In a chess endgame of a king, bishop, and pawn versus a bare king, or, less commonly, a king, rook, and pawn versus a bishop and king, a wrong rook pawn is a (a pawn on the a- or h-file) whose promotion square is the opposite color from the bishop's square color. Since a side's rook pawns promote on opposite-colored squares, and a bishop can only move on one color, one of the pawns may be the "wrong rook pawn". This situation is also known as having the wrong-colored bishop or wrong bishop (i.e. the bishop is on the wrong-colored squares in relation to the rook pawn). In many cases, the wrong rook pawn will only draw, when any other pawn would win. This is because the defending side can sometimes get their king to the corner in front of the pawn, after which the attacking side cannot chase the king away to enable promotion.

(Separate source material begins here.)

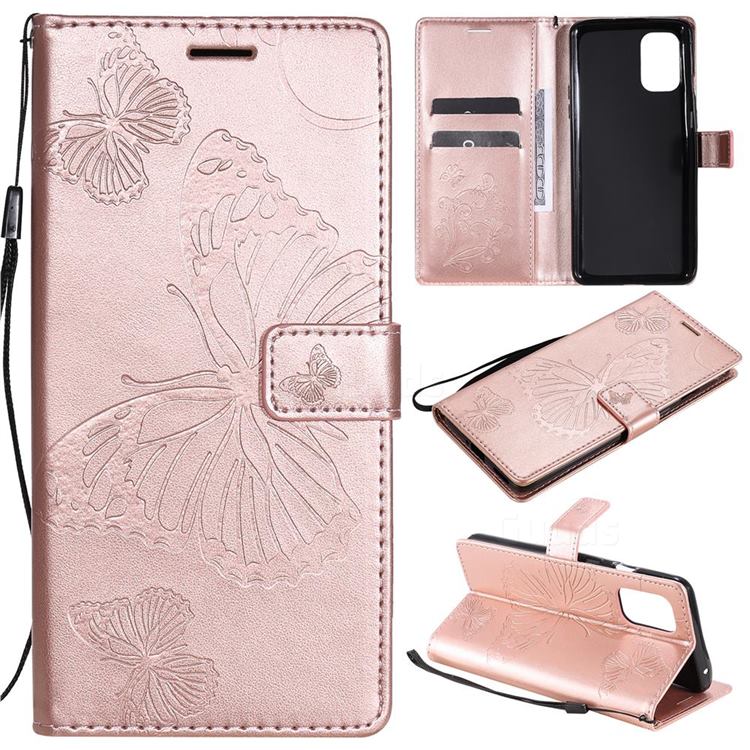 Embossing 3D Butterfly Leather Wallet Case for OnePlus 8T - Rose Gold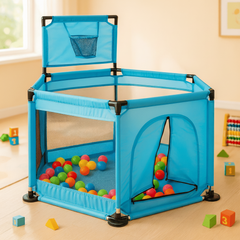 Hexagon Kids Playpen Tent with 30 Balls â Safe Indoor Ball Pit Play Area ðŠâĻ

A fairly common defensive tactic is to reach one of these drawn endgames, often through a sacrifice.

In some endgames, such as bishop and pawn versus king (perhaps with pawns), the wrong rook pawn is the one whose promotion square is opposite the color on which the bishop moves, which makes the stronger side unable to win. This was known at least as early as 1623, as evidenced by an endgame study by Gioachino Greco.

A less common situation is the defense of bishop versus rook and rook pawn; the wrong rook pawn is the one that promotes on the square not controlled by the bishop, because the defending king and bishop can form a blockade in the corner (on the pawn's promotion square) and draw the game. This is also called the safe corner for the defending king.

==Bishop and pawn==

In this type of endgame, the wrong rook pawn is the one whose queening square is the opposite color as that on which the bishop resides. Many such positions are drawn because of a fortress if the defending king can get to the corner in front of the pawn. (See the diagram.) With the bishop not able to control the a8-square, the black king cannot be forced away from the corner, so the pawn will not be able to promote. This is the basic type of position for most of these endgames.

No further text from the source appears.